Based on availability math, a final post-rebuild count of 105 rostered isn't going to allow mass service increases, while subtracting 25 Geeps from that in a half-decade puts them right back skirting disaster. Indeed, the only shortest-term increases talked up to the FCMB have been pushing schedule revisions to cram an extra slot here/there...most of it OTP-serving for taming dwells (Worcester) or fishing out Forge Park schedules tanked by the Foxboro trial via re-spacing to use the new double-track. There's good reason why outright expansion proposals like South Coast Rail bake in their above-and-beyond fleet needs into the project cap. cost; those incremental increases are not pre-factored into existing margins, so those projects must pay forward into future procurement windows.

Even the snails pace the MBTA procurement system seems to move at should be able to at least get the Providence Line electrified within six years and expecting Fairmount done in that same time frame is not unreasonable. There will be riots on the State House floors if the North Shore delegation is held off much longer that that.
Then I guess there are going to be riots. Because today you can't run a Providence rush hour slate on rented beater electrics without shorting out the whole juice South Station to Norton. Amtrak only built Sharon Substation with enough generation capacity for its own needs; half the site is empty awaiting the T to expand it for commuter capacity. That's a big funding+design+build to stick on a 4-year CIP, with design-build that must be coordinated with power system owner Amtrak. Throw in permitting plus design-build for Fairmount wires, reliance on RIDOT to budget Pawtucket layover wire-up, and *potential* reliance on RIDOT for T.F. Green buildout if the south-of-PRV stops have to be included because RI uses its Pilgrim Agreement fleet part-ownership as leverage.

Yes, with no CIP monies devoted yet and the balance of 2020 now a COVID salvage job you are indeed looking at FY2026 with absolute no give for slippage in-house or with our join-hands partners AMTK and RIDOT. So...molotov cocktails ahoy, I guess? Is what it is.

And last I knew, each consist requires ONE loco. Not sure what coach needs have to do with loco needs.
And ONE cab car. Which must be available for service at same time in ONE put-together set. They have 87 "active rostered" cabs, 3 off-roster for repair...way less than their top-line loco number. Daily availability unknown because cabs aren't broken out from coaches in the FCMB Performance reports. Cabs have 92-day inspection pauses just like locos, and the Bombardier and MBB single-levels are in deplorable shape. The ongoing Rotem order will have 40 cabs, all 40 drop-in replacements for retirements.
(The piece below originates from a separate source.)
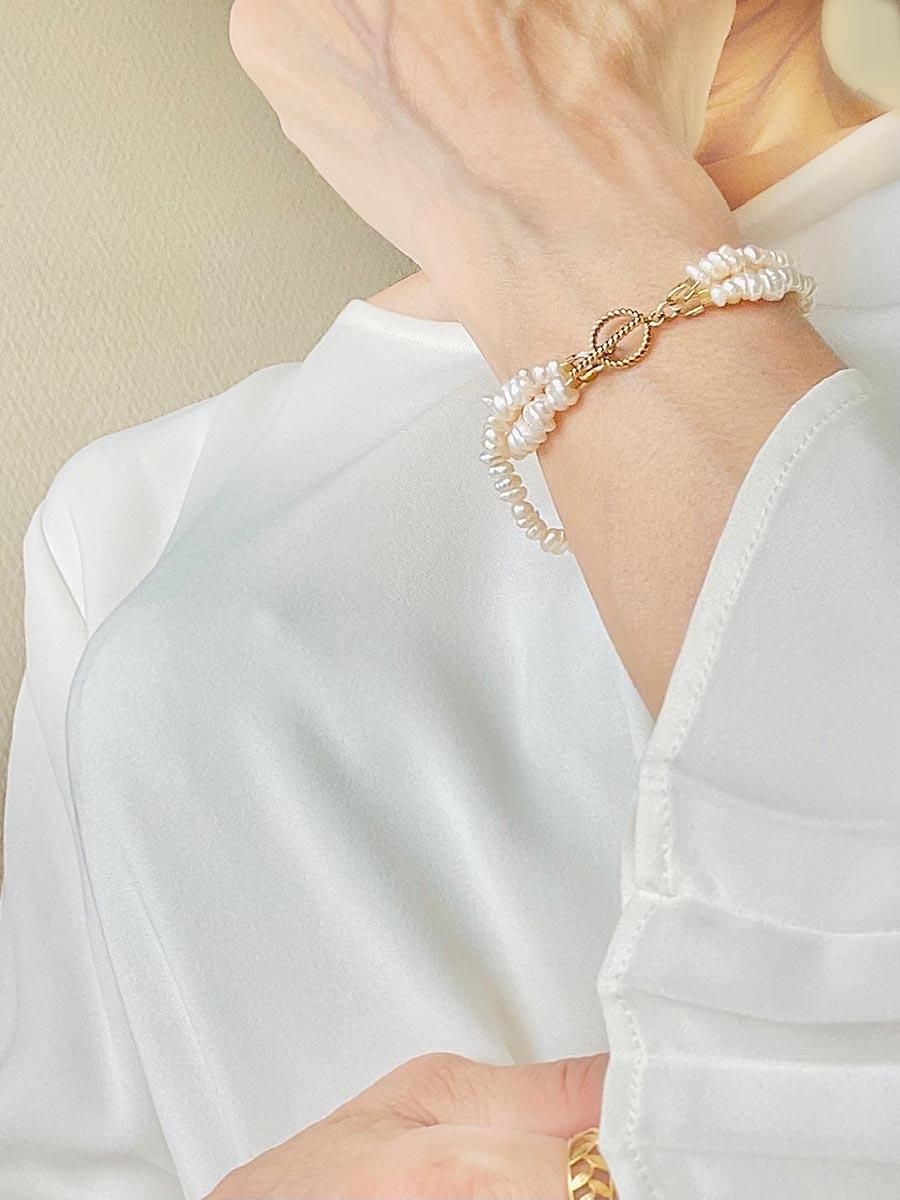 <img class='new_mark_img1' src='https://img.shop-pro.jp/img/new/icons23.gif' style='border:none;display:inline;margin:0px;padding:0px;width:auto;' />2Ϣ øѡ ֥쥹å Хå ѡ ֥쥹å  ۥ磻 γ ѡ 14KGF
The stored MBB 1500's currently being reactivated are having their (shot) cab controls deactivated to run as trailers-only, so they're no help. Unless they set aside some of the decrepit Bombers for reconditioning there's a numbers problem here that won't be solved until the later 200-coach order. Meaningful service increases are presently impossible within current margins.

But lets go there. The 80 car order would allow scrapping the entire Bombardier fleet and retain capacity. The expected 200 coach order would increase capacity significantly, even if half of them were used to EMU Providence.
But back to the locos. Most of the increase in service proposed by Regional Rail is NOT during peak, but keeping the trains moving during the day instead of sitting unused.
This is not to say that NO additional equipment will be necessary. For example, Worcester would go from nine trainsets to sixteen, but only after electrification. Providence would require the same.
Also, we should not assume that the GPs will just all disappear in six years. If they are still needed, then cannibalizing should keep some of them rolling for a few years.
I would rather see the money spend on EMUs than additional locos.
Retain capacity at literally the same not-good-enough cab car ratio. The 80-car order does nothing for expansion...just keeps 'em afloat by getting rid of old ruins and backfilling overcrowded trains with more seats @ same cars. (And that's all fine!). The 200-car order is the key one, correct. But we DON'T know how it'll be apportioned. If Rotem's out and no one else steps forward to bid more 3x2 seating clones, all remaining players--Bombardier, CRRC, etc.--pitch 2x2 seat designs that instantly change the seating cap. and coach-per-consist target math. Without knowing coach-per-consist targets we can't factor trailers vs. cab ratio out of the 200.

So maybe the 200-car RFP will lick it if they can save the 50-car Pullman flats for Urban Rail starts and come up with other flats cab remainders. Or maybe it won't...because we need more trailers per train and maybe the Pullman parts supply doesn't look so rosy for 2030. We don't know, because several big questions are waiting for one root answer before they can be asked in the first place.

But let's remind about the other big thing we don't fully know: WE HAVE NOT RATIFIED REGIONAL RAIL YET. There is no Final Implementation Plan voted on for the Rail Vision. It is not a reliable assumption to claim that "keeping the trains moving during the day instead of sitting unused" is precisely the pulsing scheme they will choose. Some of the extant Alts. pulse the schedules in bigger step-ups/step-downs than that. You cannot rest on an unvetted assumption of which Alt. gets the final vote in order to pre-count would be RUR trainsets against a current roster and current procurement clock filled with as many unanswered questions as the ^^paragraphs above^^ detail. It's all dueling moving targets until a Final Alt. gets locked into a CIP and bunch of loose-end RFP's get settled. The only number given here that is firmer than guesstimate is the projected dates the T gave to its FCMB bosses--after scouring the market for rebuild options--for when a major parts supply runs out requiring slotting a loco buy on the procurement calendar.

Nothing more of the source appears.